| Task |
Extract exactly and only the lines from the one containing "this 766×574 image." through the end of the entries below. Pictures should not appear in the copy.

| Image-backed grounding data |
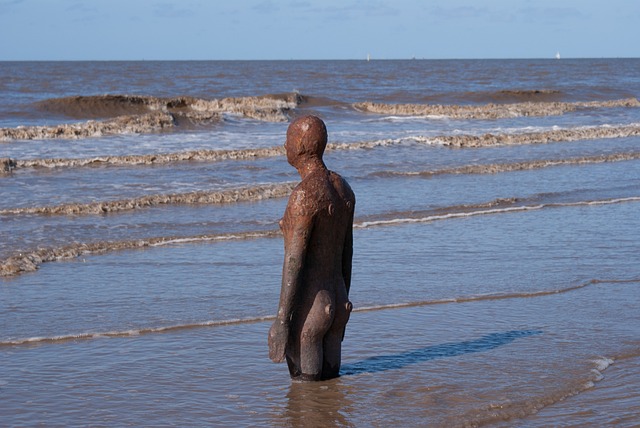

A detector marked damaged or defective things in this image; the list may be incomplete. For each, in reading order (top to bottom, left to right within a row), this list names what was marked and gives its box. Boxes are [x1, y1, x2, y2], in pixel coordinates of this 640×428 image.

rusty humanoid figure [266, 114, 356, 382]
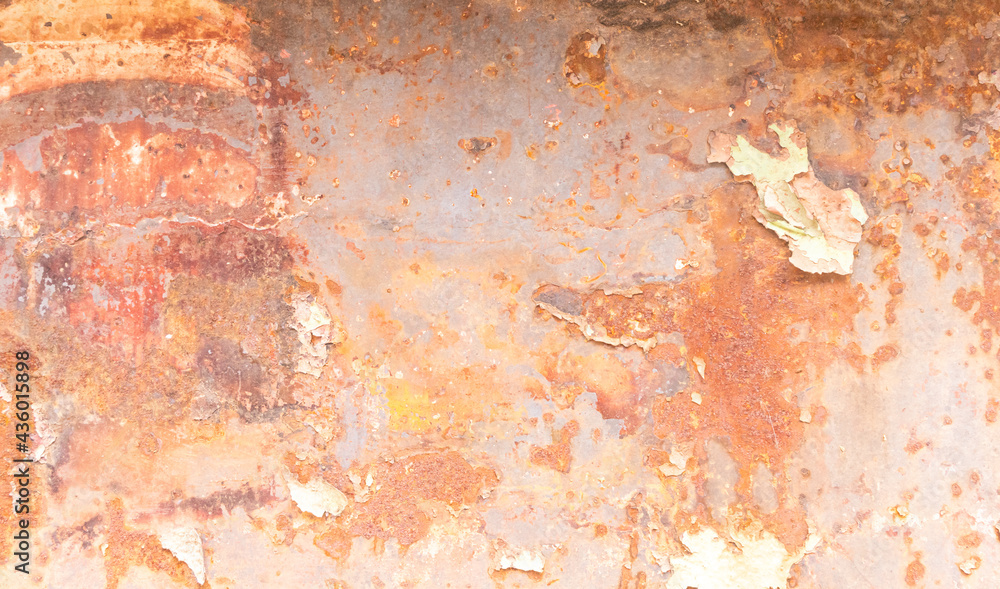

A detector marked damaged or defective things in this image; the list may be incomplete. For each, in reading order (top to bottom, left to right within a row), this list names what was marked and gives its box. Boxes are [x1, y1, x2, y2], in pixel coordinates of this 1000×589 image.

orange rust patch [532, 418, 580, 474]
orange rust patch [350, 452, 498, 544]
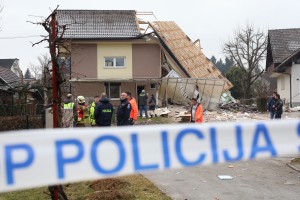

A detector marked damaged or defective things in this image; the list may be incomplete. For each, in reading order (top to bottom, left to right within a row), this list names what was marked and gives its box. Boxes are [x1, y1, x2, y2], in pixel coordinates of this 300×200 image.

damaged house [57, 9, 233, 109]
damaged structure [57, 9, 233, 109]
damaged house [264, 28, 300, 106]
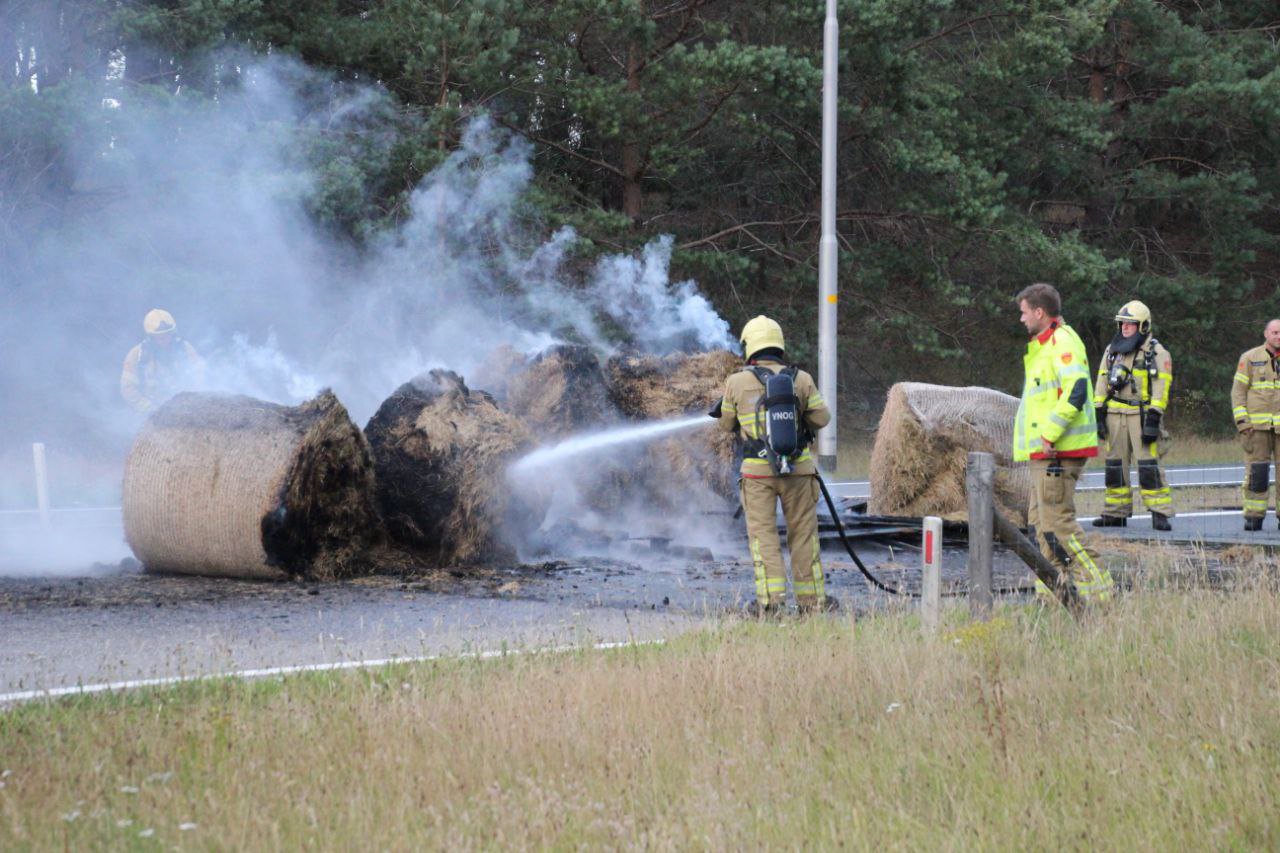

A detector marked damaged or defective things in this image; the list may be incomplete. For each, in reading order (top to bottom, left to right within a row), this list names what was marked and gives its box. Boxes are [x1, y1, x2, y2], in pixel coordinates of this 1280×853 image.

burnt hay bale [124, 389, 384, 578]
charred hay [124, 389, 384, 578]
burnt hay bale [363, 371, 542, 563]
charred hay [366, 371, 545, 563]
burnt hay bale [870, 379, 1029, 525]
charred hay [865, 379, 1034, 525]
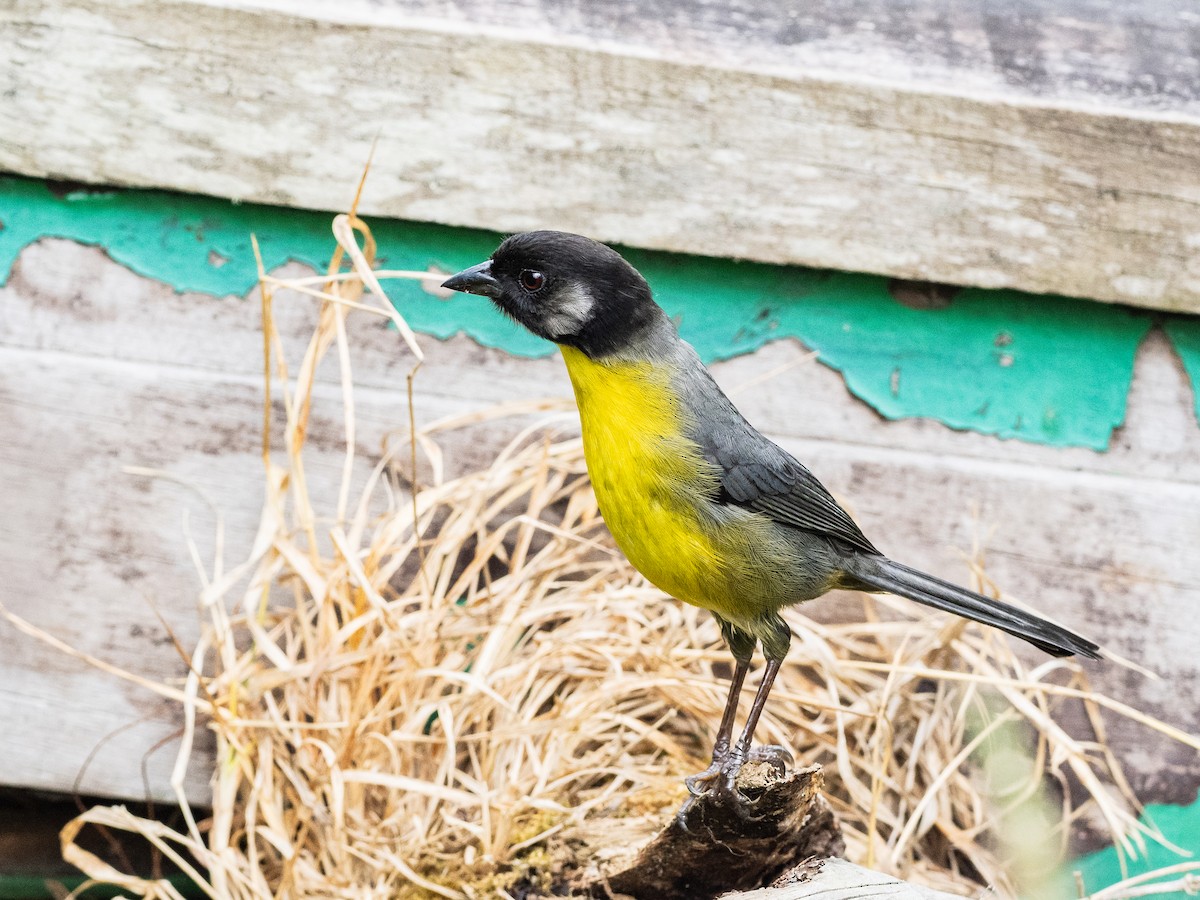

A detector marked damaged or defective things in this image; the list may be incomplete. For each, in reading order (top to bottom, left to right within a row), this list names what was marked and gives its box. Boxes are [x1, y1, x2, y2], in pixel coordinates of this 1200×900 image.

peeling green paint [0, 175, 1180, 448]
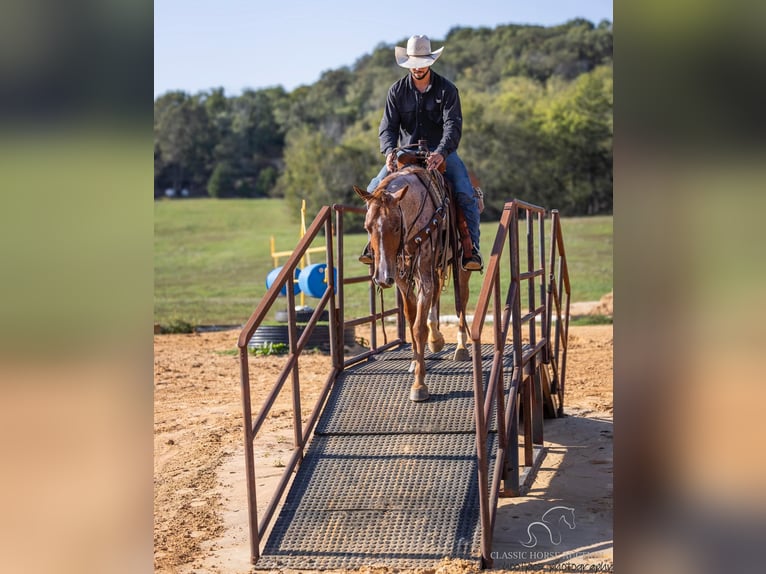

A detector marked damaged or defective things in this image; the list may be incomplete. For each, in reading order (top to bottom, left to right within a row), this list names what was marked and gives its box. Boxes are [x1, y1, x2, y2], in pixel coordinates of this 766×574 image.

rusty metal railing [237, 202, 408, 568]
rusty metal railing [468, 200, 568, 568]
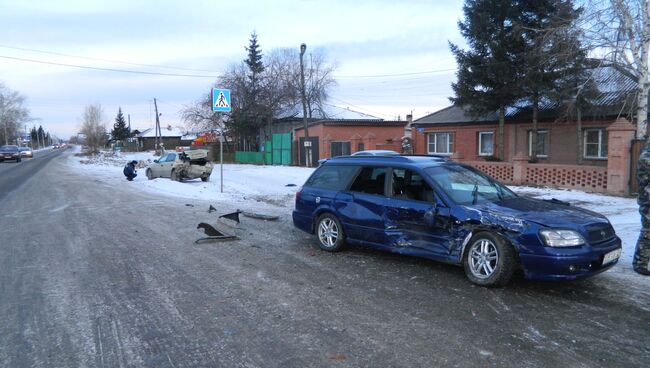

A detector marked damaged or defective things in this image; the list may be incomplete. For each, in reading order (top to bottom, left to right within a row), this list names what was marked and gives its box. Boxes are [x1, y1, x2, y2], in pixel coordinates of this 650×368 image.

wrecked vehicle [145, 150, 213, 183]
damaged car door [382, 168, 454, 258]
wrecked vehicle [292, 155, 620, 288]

| Result of this exercise |
A detector marked damaged or defective things in this image; the list may be incomplete. For each, in reading order (top to bottom, left to right within a row), this list names what was marked and gives its box. Boxes are [x1, y1, x2, y2], in pixel coordinates of this 766×574 image.

rusty metal railing [237, 202, 408, 568]
rusty metal railing [468, 200, 568, 568]

A detector marked damaged or defective things in this image; the list may be incomplete. For each, in reading order (top to bottom, left to right within a row), this list names what was marked and gives its box. Boxes are [x1, y1, x2, y2], in pixel coordinates of this 650×368 image.

wrecked vehicle [145, 150, 213, 183]
damaged car door [382, 168, 454, 258]
wrecked vehicle [292, 155, 620, 288]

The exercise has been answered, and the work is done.